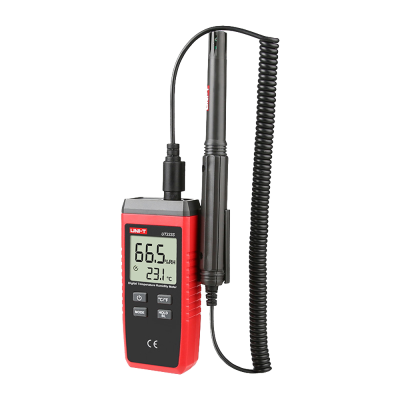 Medidor digital de temperatura e humidade UNI-T UT333S com visor digital e sonda ligada por cabo espiral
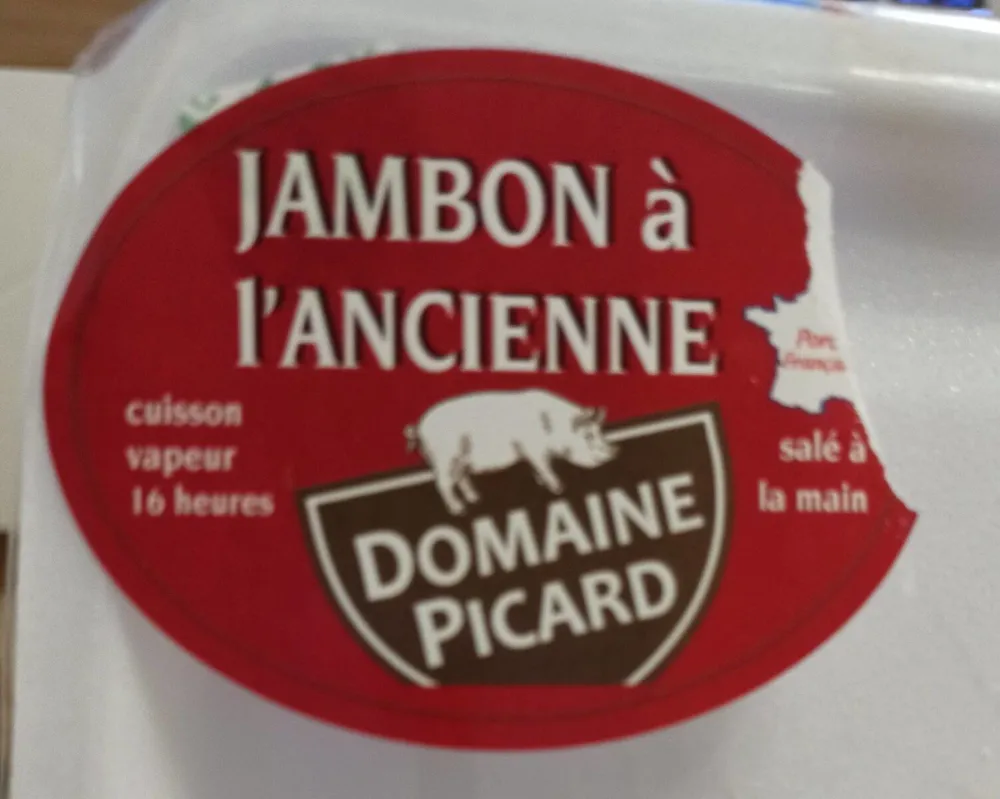 Jambon a l'ancienne cuit dans couenne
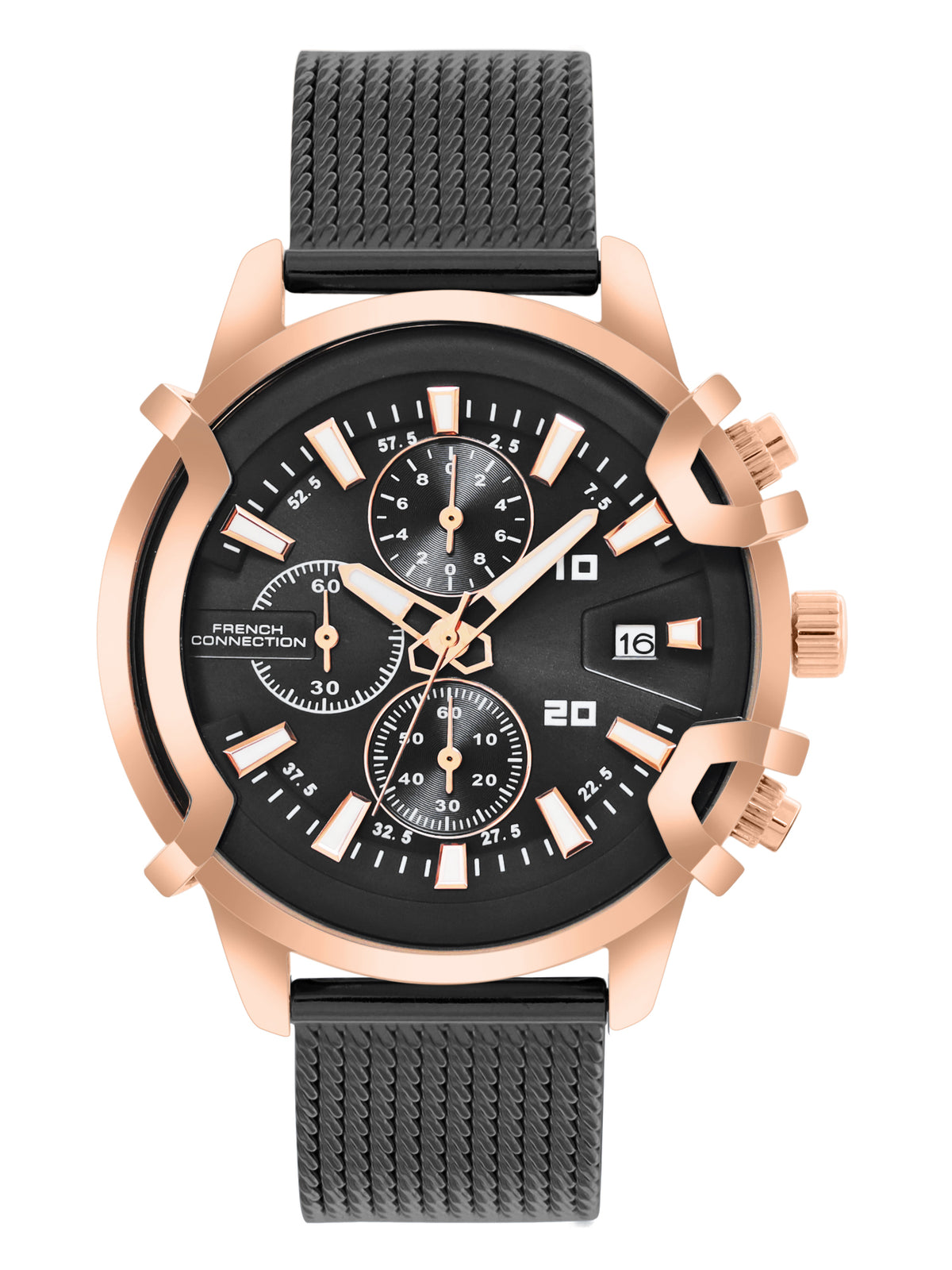 French Connection Black Dial  Chronograph Watch for Men's - FCH003BM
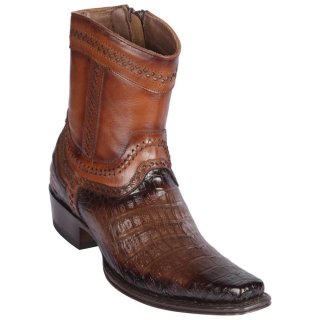 Los Altos Men's Caiman Belly Mens European Square Toe Boots | Brown | Free Delivery Los Altos Men's Caiman Belly Mens European Square Toe Boots | Brown | Free Delivery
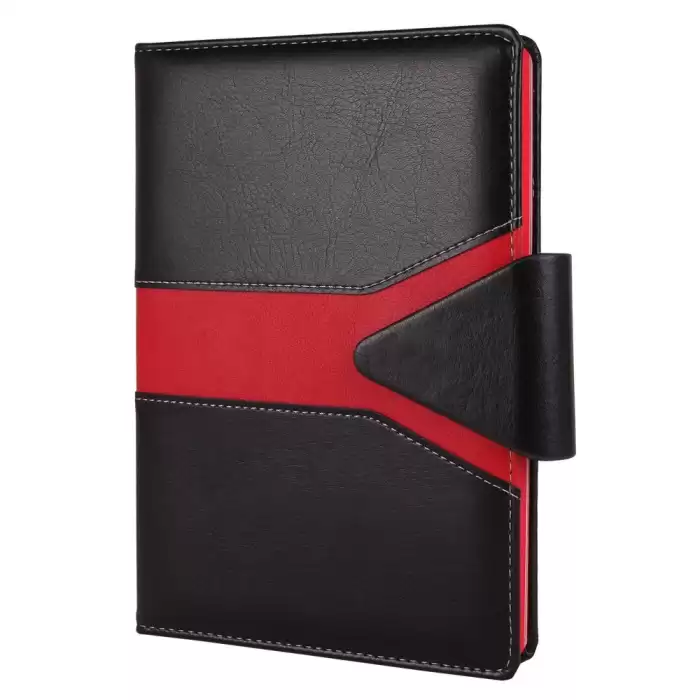 302304 ÇAMLIDERE KIRMIZI TARİHSİZ DEFTER (15X21 CM)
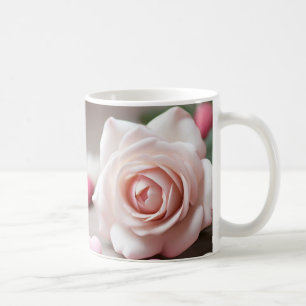 Taza De Café Calmar rosa rosa
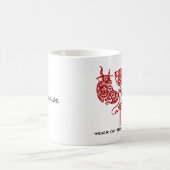 Chinees Jaar van de Ox | Aangepast jaar- en naamca Koffiemok (Center)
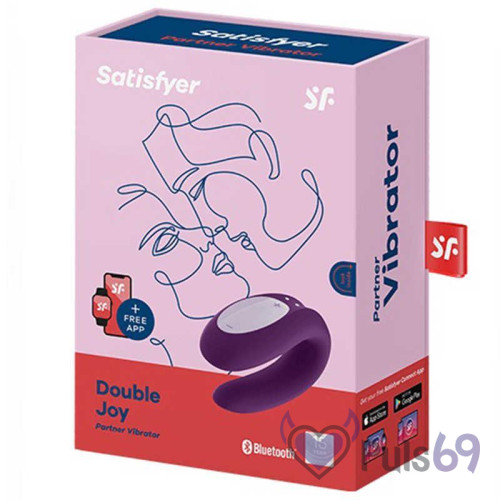Смарт вибратор для пар Satisfyer Double Joy Violet Смарт вибратор для пар Satisfyer Double Joy Violet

────────────────

# REQUIREMENT
Could you output the lines above exactly, with no pictures included?

# SOLVED PROBLEM
 Medidor digital de temperatura e humidade UNI-T UT333S com visor digital e sonda ligada por cabo espiral
 Jambon a l'ancienne cuit dans couenne
 French Connection Black Dial  Chronograph Watch for Men's - FCH003BM
 Los Altos Men's Caiman Belly Mens European Square Toe Boots | Brown | Free Delivery Los Altos Men's Caiman Belly Mens European Square Toe Boots | Brown | Free Delivery
 302304 ÇAMLIDERE KIRMIZI TARİHSİZ DEFTER (15X21 CM)
 Taza De Café Calmar rosa rosa
 Chinees Jaar van de Ox | Aangepast jaar- en naamca Koffiemok (Center)
Смарт вибратор для пар Satisfyer Double Joy Violet Смарт вибратор для пар Satisfyer Double Joy Violet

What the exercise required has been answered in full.